Entendo... O homem murmurou. Você passou por muita coisa, hein?
E ainda vai passar por mais. A mulher disse com certa preocupação na voz. Tudo isso para chegar até a sua amada.
E isso vai vale a pena? Ele perguntou para o rapaz.
Sim. Joshua respondeu sem hesitar. Por ela, com certeza.
Ora... A mulher sorriu. Adoraria a ajudar uma história de amor como essa se concretizar.
Eu não me intrometeria... O homem murmurou. Mas... Se Morgana está do seu lado... Acredito que seja uma luta que valha a pena lutar.
Então... O jovem olhou para o casal que sorria calmamente. Vocês vão me ajudar?
Claro que sim! Exclamou a mulher.
Só precisamos resolver umas coisas... Disse o homem. E... Ele fez uma breve pausa. Ainda não nos apresentamos, não é?
Já teríamos feito isso, se você não tivesse sido tão rude... A mulher murmurou.
Ah, é... Certo... Ele estendeu a mão para Joshua. Sou Richard. Prazer.
Prazer. O rapaz apertou a mão dele.
E eu sou Cristina. Ela estendeu a mão. Pode contar conosco, ok?
Certo. Joshua apertou a mão dela com delicadeza.
Ótimo... Richard esboçou um sorriso. Temos que fazer nossos preparativos, ok?
Chegar até Gehenna não é tão difícil. Disse Cristina. Mas sobreviver lá... É outra história...
Ah... O jovem parecia confuso. Gehenna? O que é isso?
É o nome do lugar que você descreveu. Ela respondeu. Bem, um nome, pelo menos. A própria Morgana não gosta de usar um nome para aquele lugar, mas prefiro poder chamar o lugar de alguma coisa. Mais fácil quando explicando algo, não acha?
Ah, sim... E como vamos chegar lá? Indagou Joshua.
Abriremos um portal. Respondeu Richard. Um que não drene muito de nossas forças. Mas isso pode demorar um pouco. Espero que não se incomode.
Esperem... Joshua parecia surpreso. Vocês conseguem abrir um portal? Como?
Com os encantamentos certos e os itens certos. Respondeu Cristina. Nada tão complexo pra quem já trabalha com isso há quase duas décadas.
Mas... Magia? O rapaz indagou. E humanos podem fazer esse tipo de coisa?
Claro que sim. Richard respondeu com simplicidade. Talvez nada tão assombroso quanto em livros e filmes, mas... Conseguimos, claro.

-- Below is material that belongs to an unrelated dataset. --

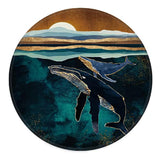 Moonlight Whales Abstract Boho Mouse Pad 7.9 X 7.9 Inch,Boho Nature Landscape Non-Slip Rubber Base Mousepads For Home Office College Dorm Desk Decor,Gifts For Boho Lovers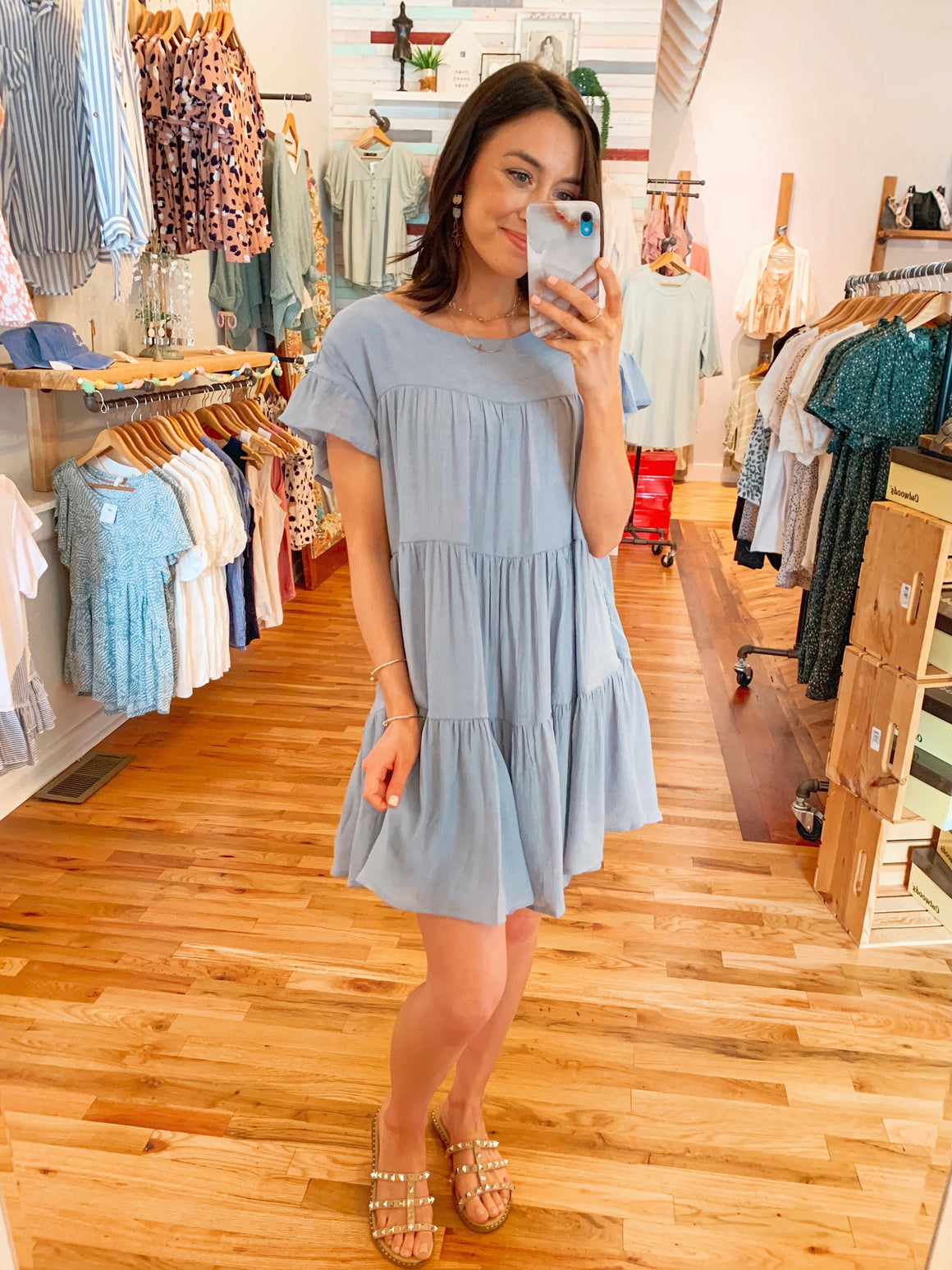 Stella Tiered Swing Dress in Chambray-Dresses-Carolyn Jane's Jewelry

Esse é o resultado da mistura de séculos, até milênios, de rituais de várias tribos, de várias crenças. Cristina começou a explicar. Nós assimilamos tudo por livros e outros relatos documentados, entendeu? De curandeiros a monges de várias partes do mundo, todos tinham suas pequenas formas de magia, formas de enfrentar espíritos malignos, além de formas de cura para o corpo e para a alma. Ela fez uma breve pausa. Quanto aos portais... Conseguimos ir para outros planos de existência, mas não para nos locomovemos nesse plano. Como os ceifadores, sabe? Então... Nunca fomos a Gehenna, mas não deve ser muito difícil. Temos alguns livros sobre isso em algum lugar...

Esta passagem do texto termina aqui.